# YOUR OBJECTIVE:
For the data below, restate word for word only the lines from the line containing "变频器吸收电阻 CNR 25D625E" through the line containing "Images Dated 2nd", both ends included.

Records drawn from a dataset

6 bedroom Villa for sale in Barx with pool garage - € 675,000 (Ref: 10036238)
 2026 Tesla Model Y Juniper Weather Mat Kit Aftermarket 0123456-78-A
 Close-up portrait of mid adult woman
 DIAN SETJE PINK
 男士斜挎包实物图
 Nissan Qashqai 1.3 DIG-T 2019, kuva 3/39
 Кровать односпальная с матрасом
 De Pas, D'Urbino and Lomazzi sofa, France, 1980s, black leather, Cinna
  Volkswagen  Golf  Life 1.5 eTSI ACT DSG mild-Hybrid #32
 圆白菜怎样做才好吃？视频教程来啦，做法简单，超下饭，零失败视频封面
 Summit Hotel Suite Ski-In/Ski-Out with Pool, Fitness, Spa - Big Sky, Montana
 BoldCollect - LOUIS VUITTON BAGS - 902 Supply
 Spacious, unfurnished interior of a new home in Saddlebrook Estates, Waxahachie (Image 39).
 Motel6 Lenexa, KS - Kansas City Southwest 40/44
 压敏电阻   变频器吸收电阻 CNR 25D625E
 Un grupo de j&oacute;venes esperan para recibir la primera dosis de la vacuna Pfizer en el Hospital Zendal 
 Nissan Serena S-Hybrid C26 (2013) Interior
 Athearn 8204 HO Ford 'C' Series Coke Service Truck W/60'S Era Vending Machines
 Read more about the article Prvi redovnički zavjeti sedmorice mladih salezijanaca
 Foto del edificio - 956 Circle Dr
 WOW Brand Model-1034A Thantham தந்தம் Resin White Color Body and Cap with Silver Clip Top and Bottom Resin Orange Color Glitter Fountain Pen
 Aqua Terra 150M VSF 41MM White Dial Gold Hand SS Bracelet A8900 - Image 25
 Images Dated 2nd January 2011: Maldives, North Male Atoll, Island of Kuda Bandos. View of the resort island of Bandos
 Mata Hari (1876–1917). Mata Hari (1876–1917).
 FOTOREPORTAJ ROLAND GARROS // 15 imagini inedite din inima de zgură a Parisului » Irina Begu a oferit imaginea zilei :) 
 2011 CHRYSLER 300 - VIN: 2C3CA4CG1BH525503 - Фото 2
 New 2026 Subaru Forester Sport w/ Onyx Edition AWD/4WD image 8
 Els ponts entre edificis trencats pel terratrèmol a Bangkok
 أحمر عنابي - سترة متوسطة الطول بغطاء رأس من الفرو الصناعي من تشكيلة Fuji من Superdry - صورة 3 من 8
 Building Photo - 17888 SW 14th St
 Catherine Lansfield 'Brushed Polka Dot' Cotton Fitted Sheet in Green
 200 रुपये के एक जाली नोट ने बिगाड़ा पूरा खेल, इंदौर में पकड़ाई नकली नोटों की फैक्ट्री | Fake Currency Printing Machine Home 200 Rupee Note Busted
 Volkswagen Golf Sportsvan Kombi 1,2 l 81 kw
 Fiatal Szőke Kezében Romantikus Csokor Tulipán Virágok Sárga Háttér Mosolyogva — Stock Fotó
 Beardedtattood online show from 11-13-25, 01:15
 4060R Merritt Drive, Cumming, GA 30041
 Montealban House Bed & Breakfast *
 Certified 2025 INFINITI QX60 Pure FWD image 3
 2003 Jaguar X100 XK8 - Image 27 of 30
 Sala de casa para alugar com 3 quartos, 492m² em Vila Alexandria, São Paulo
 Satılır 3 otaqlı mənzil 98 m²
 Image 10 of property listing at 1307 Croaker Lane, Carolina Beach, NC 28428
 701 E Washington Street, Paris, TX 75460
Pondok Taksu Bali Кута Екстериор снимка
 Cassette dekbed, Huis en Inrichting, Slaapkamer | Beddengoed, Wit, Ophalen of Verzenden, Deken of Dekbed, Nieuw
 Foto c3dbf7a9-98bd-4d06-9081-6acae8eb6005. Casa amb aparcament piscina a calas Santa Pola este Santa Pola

# ANSWER SPACE:
 压敏电阻   变频器吸收电阻 CNR 25D625E
 Un grupo de j&oacute;venes esperan para recibir la primera dosis de la vacuna Pfizer en el Hospital Zendal 
 Nissan Serena S-Hybrid C26 (2013) Interior
 Athearn 8204 HO Ford 'C' Series Coke Service Truck W/60'S Era Vending Machines
 Read more about the article Prvi redovnički zavjeti sedmorice mladih salezijanaca
 Foto del edificio - 956 Circle Dr
 WOW Brand Model-1034A Thantham தந்தம் Resin White Color Body and Cap with Silver Clip Top and Bottom Resin Orange Color Glitter Fountain Pen
 Aqua Terra 150M VSF 41MM White Dial Gold Hand SS Bracelet A8900 - Image 25
 Images Dated 2nd January 2011: Maldives, North Male Atoll, Island of Kuda Bandos. View of the resort island of Bandos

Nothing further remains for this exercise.